© Pieter Apers
De fluitist en de pianist hebben Europa jarenlang in alle richtingen doorkruist en brengen ons nu, op een andere manier, hun muziek die telkens weer melodieus, poëtisch en lyrisch is. Dankzij hun goede verstandhouding kunnen de twee muzikanten hun vluchtige improvisaties en vertolkingen die vaak op de natuur geïnspireerd zijn nog meer de vrije loop laten.
Ha, de charme van de klassieke of de hedendaagse muziek die zich laat inpakken door de jazz en de impro. Onweerstaanbaar zijn die momenten waarop de geest opvliegt en gaat ronddwalen in het ritme van de ontembare fluit die rondfladdert op aaneenschakelingen van bevrijde akkoorden.

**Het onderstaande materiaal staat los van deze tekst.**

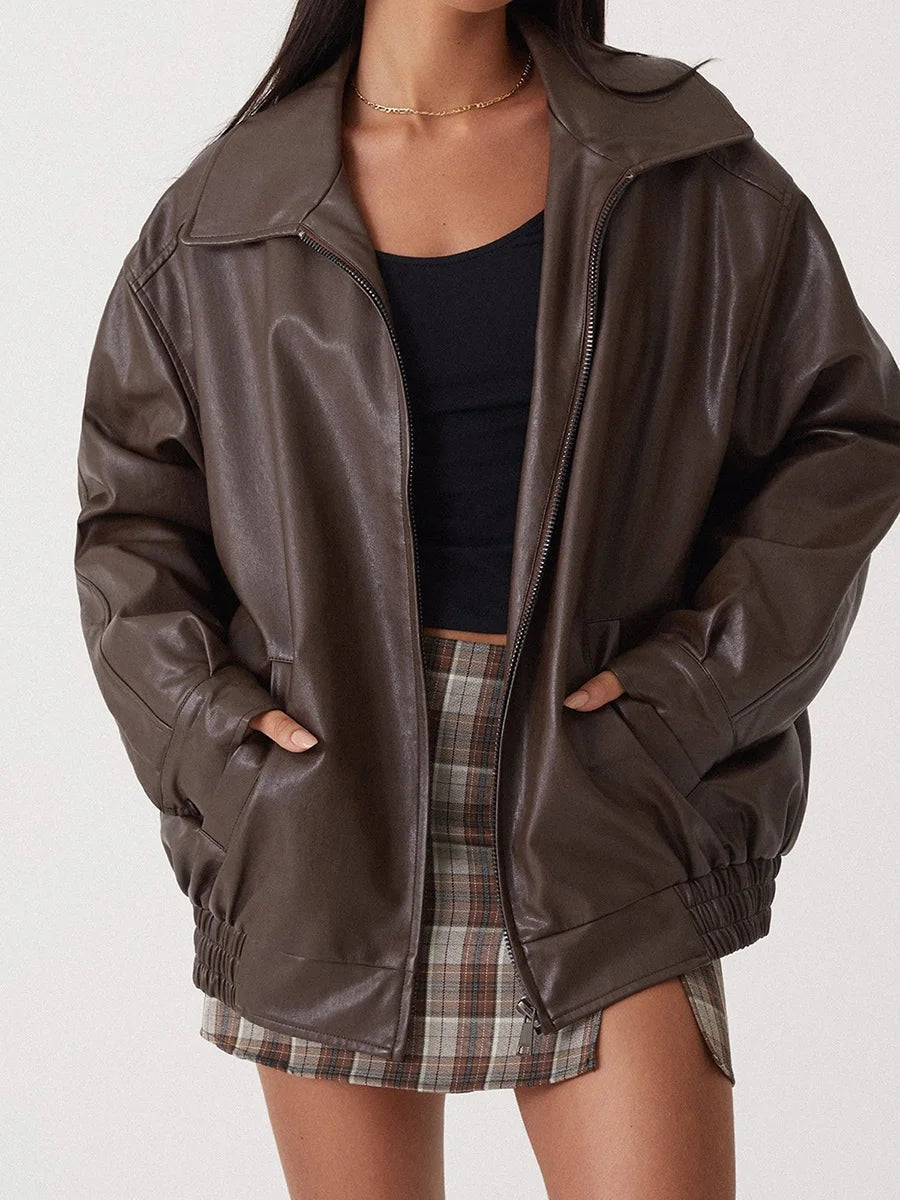 Bailey | Oversized Zip-Up Jacket for Women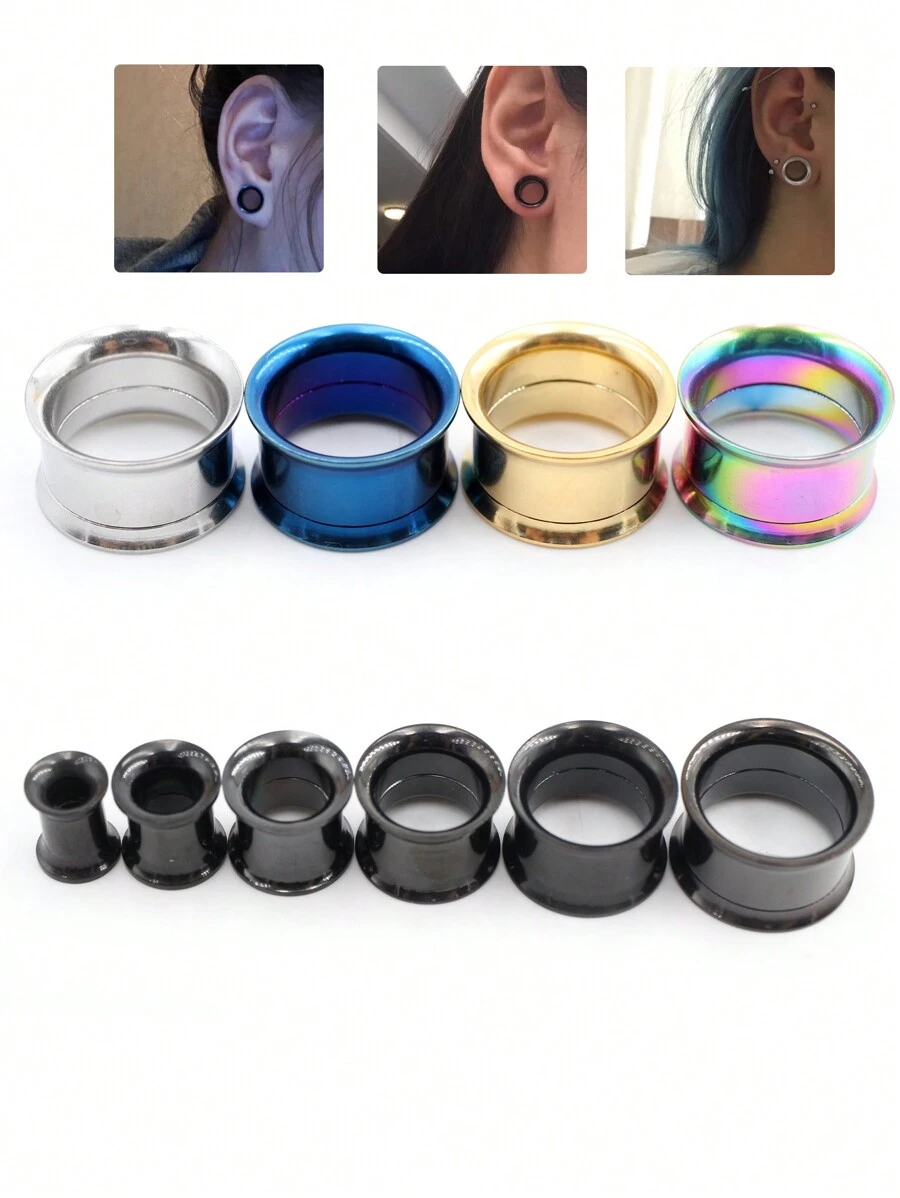2 Peças Alargadores De Orelha 2-30mm, Túneis De Aço Inoxidável 316l Para Orelha, Piercings Com Alargadores E Túneis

Mag je een vogel gevangenhouden in een kooi als hij een heel park in vervoering kan brengen? De muziek van dit duo bedient zich rijkelijk van zijsprongen en improvisaties vol lyriek en poëzie. De verwijzingen naar de fauvisten en de impressionisten en naar de dichters van het begin van de vorige eeuw dienen steeds een doel in hun vaak bucolische, soms wat zwaarmoedigere en altijd suggestieve jazz. Het duo voert nu eens kleine muzikale handelingen en dan weer uitvoerigere en spontanere missies uit die steevast uitmonden in mooie dialogen vol dromen. En dat alles wordt gesublimeerd door een jazz die valselijk als kamermuziek aandoet. Reken maar op verfijning en elegantie. En op verrukking. Welkom.